When I finally got to test them out for the first time last week, it was horrible. I felt as if most of my control was completely gone. I felt comfortable doing turns (though really strange one, not really parallel) before, and now I feel as if I don't even side-slip correctly. One ski turns, the other continues forward.

I should have known that this might be a problem because on my last skiing day last season, I tried a rental 160 ski just before closing and it felt different, but at the time I thought I would need only a short adjustment period.

Has anyone else had a problem adjusting? I feel a lot less confident in my skiing now, even though I know that going "full size" is a necessary step. Any tips on how to adjust?
post #2 of 11
First of all, an Elan Magfire is not exactly a beginner's ski. It has pretty aggressive shape and flex, and an advanced skier, can really set an edge and carve. For a beginner, that means the ski can feel very directional when set on edge, and if you don't yet have the tools to change directions, it becomes unwieldy. Also, this is a new ski with factory edges. Chances are, you have never experienced a truly sharp rental ski. Its even possible that the new ski was delivered with some burr on the edge that makes it nearly unskiable.

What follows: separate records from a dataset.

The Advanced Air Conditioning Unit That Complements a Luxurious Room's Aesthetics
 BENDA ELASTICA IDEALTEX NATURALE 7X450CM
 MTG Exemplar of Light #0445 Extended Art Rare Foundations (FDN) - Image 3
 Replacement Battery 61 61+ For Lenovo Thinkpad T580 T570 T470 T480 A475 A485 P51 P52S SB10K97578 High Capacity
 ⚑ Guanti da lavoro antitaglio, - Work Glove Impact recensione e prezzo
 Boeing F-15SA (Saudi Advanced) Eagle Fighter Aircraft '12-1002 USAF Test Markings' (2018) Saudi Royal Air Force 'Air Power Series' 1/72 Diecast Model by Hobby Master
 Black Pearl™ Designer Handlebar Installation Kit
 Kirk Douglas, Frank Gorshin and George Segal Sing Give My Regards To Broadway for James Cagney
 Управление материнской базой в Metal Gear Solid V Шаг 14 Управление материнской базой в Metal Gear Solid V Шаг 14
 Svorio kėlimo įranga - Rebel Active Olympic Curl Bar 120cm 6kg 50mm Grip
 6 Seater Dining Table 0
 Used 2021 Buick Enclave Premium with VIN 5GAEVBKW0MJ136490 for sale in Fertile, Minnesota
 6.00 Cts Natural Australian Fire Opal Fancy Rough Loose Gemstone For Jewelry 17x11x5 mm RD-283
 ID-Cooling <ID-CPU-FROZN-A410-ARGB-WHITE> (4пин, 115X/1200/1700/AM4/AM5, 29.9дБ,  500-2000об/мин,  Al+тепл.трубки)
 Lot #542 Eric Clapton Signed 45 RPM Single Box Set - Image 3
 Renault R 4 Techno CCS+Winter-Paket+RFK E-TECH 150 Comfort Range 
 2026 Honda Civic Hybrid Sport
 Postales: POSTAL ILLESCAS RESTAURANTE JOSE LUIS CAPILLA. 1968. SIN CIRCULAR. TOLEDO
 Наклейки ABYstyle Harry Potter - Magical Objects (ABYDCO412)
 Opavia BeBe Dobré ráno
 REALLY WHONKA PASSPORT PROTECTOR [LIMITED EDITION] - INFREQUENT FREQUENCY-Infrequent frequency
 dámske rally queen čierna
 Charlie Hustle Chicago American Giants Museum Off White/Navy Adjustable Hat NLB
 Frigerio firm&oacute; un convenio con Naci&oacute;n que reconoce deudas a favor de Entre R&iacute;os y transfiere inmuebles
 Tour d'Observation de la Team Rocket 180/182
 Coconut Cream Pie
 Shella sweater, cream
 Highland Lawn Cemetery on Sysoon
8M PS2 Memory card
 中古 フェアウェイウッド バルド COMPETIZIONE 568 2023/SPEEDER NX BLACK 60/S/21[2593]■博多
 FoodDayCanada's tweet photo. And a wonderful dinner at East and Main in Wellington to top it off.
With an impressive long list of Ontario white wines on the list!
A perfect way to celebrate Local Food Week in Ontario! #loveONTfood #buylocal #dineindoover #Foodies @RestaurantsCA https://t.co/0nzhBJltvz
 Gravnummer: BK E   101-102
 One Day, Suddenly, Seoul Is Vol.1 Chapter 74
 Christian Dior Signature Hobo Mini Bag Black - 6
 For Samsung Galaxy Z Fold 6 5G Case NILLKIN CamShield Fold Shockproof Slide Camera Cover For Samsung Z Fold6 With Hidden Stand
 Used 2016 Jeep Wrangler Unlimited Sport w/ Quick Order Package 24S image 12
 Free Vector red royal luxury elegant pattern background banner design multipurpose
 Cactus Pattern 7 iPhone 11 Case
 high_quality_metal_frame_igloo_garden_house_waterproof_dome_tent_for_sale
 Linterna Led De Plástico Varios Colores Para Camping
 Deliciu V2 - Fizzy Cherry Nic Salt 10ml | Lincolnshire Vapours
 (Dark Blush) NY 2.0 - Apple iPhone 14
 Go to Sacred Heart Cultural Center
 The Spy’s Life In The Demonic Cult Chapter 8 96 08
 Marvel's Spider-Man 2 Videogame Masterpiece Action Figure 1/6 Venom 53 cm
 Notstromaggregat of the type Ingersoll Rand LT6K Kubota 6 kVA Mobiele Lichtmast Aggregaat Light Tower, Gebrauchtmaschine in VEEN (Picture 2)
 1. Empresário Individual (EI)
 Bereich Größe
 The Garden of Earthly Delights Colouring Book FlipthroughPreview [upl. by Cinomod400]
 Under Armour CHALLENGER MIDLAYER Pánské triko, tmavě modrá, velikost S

The ski's behavior can be moderated by checking the tune, and maybe "de-tuning" the tip and tail back just past the contact point with the snow. Detuning is not dulling the ski, but adding more base bevel. By increasing the base bevel, the edge is slower to engage, and therefore feels less grabby and more forgiving. An alternative might be to work with an instructor to learn to use the power and edge that is built into that ski.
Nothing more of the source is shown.